◆ **Your assignment**
When the string "white" is part of a line below, that line should be copied.

◆ **Material for this exercise**
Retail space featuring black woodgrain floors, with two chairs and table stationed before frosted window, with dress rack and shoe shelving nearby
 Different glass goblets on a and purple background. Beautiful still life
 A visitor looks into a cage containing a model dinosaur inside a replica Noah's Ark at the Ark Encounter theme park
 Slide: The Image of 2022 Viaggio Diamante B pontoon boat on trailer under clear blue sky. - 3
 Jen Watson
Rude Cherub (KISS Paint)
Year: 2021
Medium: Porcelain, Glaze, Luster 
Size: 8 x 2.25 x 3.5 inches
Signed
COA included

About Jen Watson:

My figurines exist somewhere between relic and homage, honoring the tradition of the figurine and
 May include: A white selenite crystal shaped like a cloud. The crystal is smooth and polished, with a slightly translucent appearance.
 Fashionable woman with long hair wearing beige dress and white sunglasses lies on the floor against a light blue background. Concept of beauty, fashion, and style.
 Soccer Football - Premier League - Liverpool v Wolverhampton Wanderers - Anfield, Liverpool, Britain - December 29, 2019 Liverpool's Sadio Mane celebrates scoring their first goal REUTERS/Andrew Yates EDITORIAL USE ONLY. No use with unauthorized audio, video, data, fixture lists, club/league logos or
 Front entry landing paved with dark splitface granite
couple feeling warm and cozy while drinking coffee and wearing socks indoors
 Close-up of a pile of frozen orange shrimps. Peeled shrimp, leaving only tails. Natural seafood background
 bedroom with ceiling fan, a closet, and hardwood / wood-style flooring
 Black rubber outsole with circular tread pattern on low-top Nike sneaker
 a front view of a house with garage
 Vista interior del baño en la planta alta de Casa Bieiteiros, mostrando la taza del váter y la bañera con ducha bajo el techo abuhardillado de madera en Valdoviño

◆ **Answer section**
 May include: A white selenite crystal shaped like a cloud. The crystal is smooth and polished, with a slightly translucent appearance.
 Fashionable woman with long hair wearing beige dress and white sunglasses lies on the floor against a light blue background. Concept of beauty, fashion, and style.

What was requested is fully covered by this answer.